Y así ocurre, desde que comienza hasta que termina. Desde la lluvia de hojas de papel con propaganda nazi con la que abre el filme –que por sí solas habrían bastado para establecer las circunstancias del conflicto sin recurrir al texto- hasta el último y glorioso sobrevuelo de un Spitfire inglés sobre la playa gala. La soberbia cinematografía de Hoyte van Hoytema -en su segunda colaboración con Nolan- enaltece cada momento, pero especialmente la secuencias de batallas aéreas que inducen el vértigo. El que estas no dependan de los efectos digitales de los que tantas producciones contemporáneas abusan, las hace aún más extraordinarias.

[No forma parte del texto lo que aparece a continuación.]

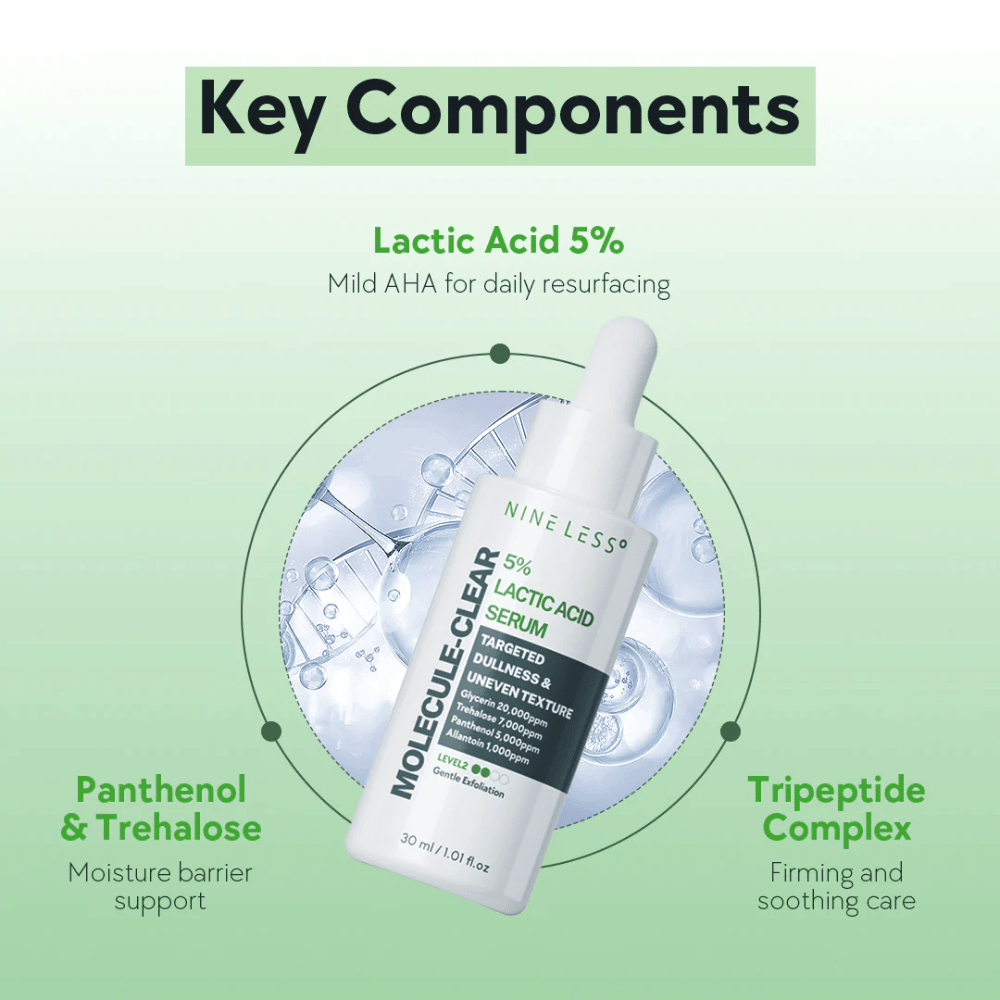 Nine Less Molecule-Clear 5% Lactic Acid Serum in a white bottle with a pipette, 30 ml. Serum with lactic acid for daily exfoliation, panthenol, trehalose, and tripeptide complex for hydration and skin barrier support.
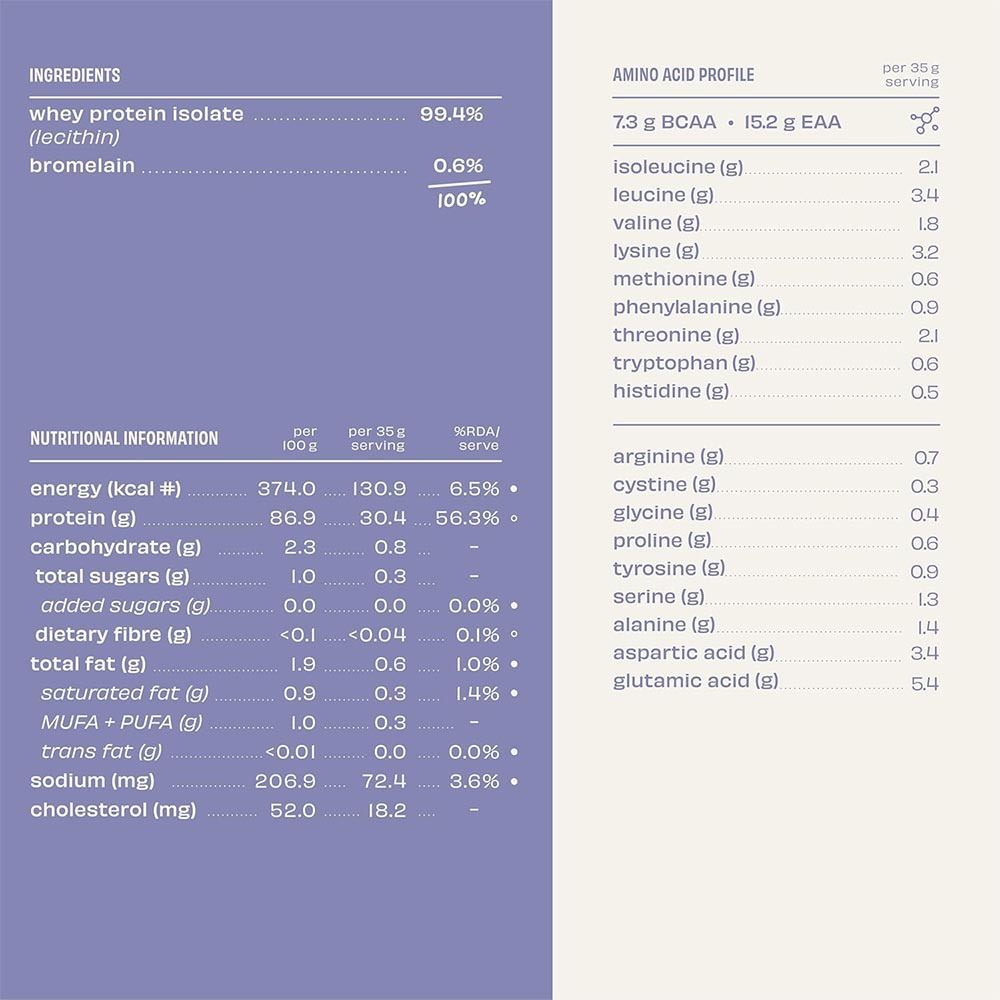 The Whole Truth Raw Whey Protein Isolate, 4.4 lb Unflavoured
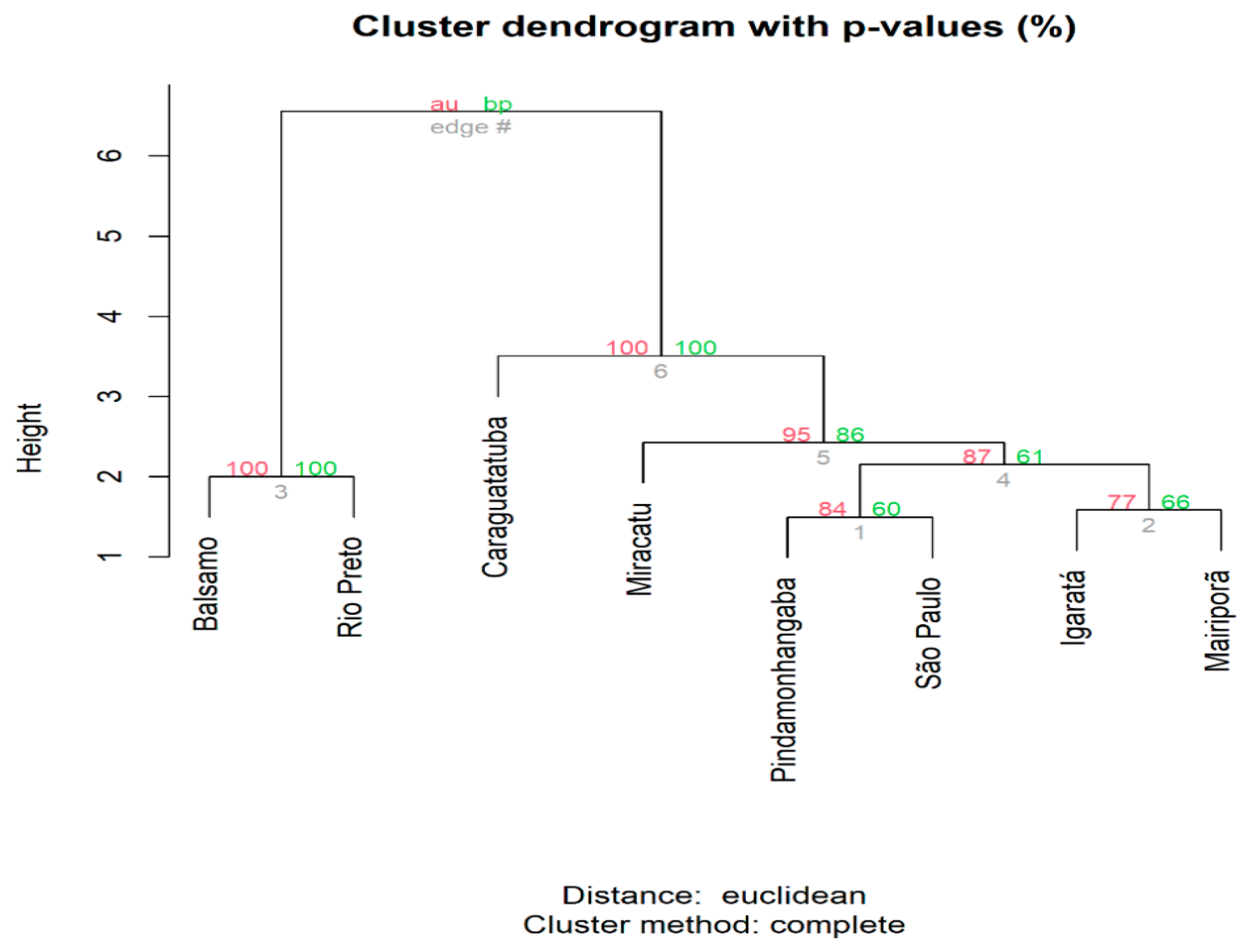 Genes 14 01671 g002 Genes 14 01671 g002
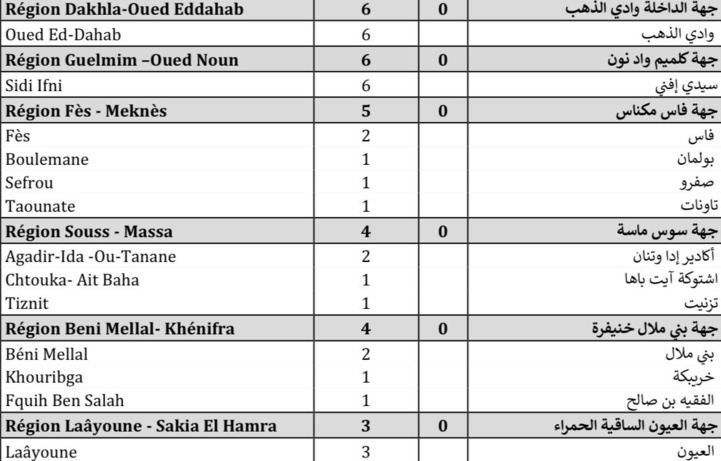 Compteur coronavirus : 526 cas testés positifs, 4.236.386 personnes vaccinées Compteur coronavirus : 526 cas testés positifs, 4.236.386 personnes vaccinées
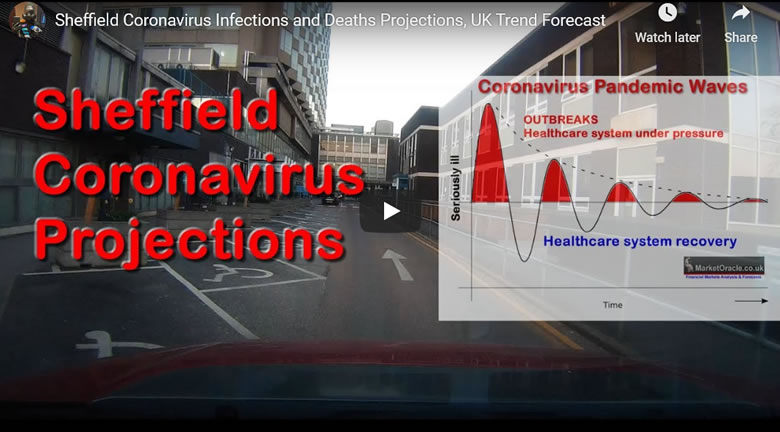 Sheffield Coronavirus Pandemic Infections and Deaths Forecast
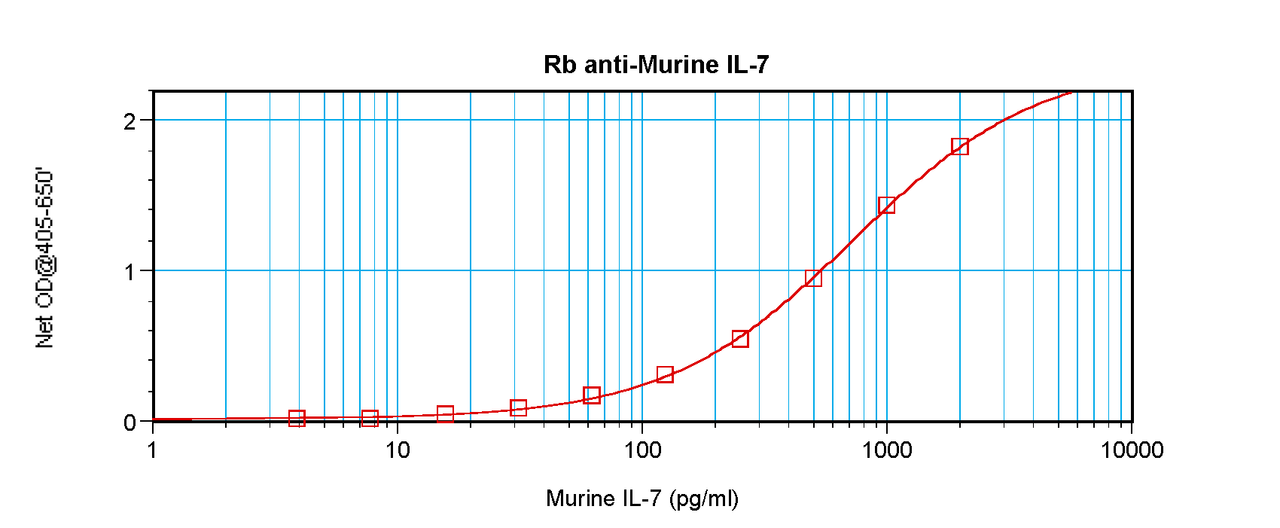 To detect Murine IL-7 by sandwich ELISA (using 100 ul/well antibody solution) a concentration of 0.5 - 2.0 ug/ml of this antibody is required. This antigen affinity purified antibody, in conjunction with ProSci’s Biotinylated Anti-Murine IL-7 (XP-5198Bt) as a detection antibody, allows the detection of at least 0.2 - 0.4 ng/well of recombinant Murine IL-7.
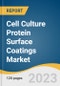 Cell Culture Protein Surface Coatings Market Size, Share & Trends Analysis Report By Coating Type (Self-coating, Pre-coating), By Protein Source (Animal-derived, Synthetic), By Region, And Segment Forecasts, 2023 - 2030 - Product Image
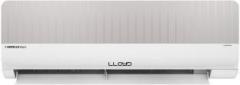 Lloyd 1 Ton 5 Star GLS12V5FOGSY Stylus 6 in 1 Convertible, Changeable Split Inverter AC (Copper Condenser, White, Grey, Facia 2024 Model Anti Viral AC with Wi fi Connect)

Cada recuadro muestra a Christopher Nolan trabajando al máximo de sus destrezas como un maestro moderno del séptimo arte, aunque continúa anteponiendo lo emocionante sobre lo emocional. Sus películas poseen la habilidad de atraparnos en el momento, mas no siempre dejan una huella indeleble que perdure más allá de la sala, fuera de esa sabrosa sensación de haber presenciado algo nunca antes visto. Puede ser un cineasta frío, distante, en lo que a los sentimientos se refiere, pero actualmente es uno de los muy pocos que se esmeran por hacer de los blockbusters una obra de arte, sin escatimar en el espectáculo. Así se ha ganado millones de adeptos, que veneran sus estrenos cual si fuesen cultos religiosos a los que acuden cada tres o cuatro años en comunión, cegados –quizás- por la profunda falta de visión que abunda en el cine comercial.

En Dunkirk, Nolan ofrece la versión más pura de su evangelio, uno que celebra la centenaria tradición de sumergirnos en la oscuridad de una sala de cine para ver algo que solo puede ser experimentado en su totalidad ante enormidad de la pantalla. Incluso los más agnósticos seguro podrán decir “amén” a esto.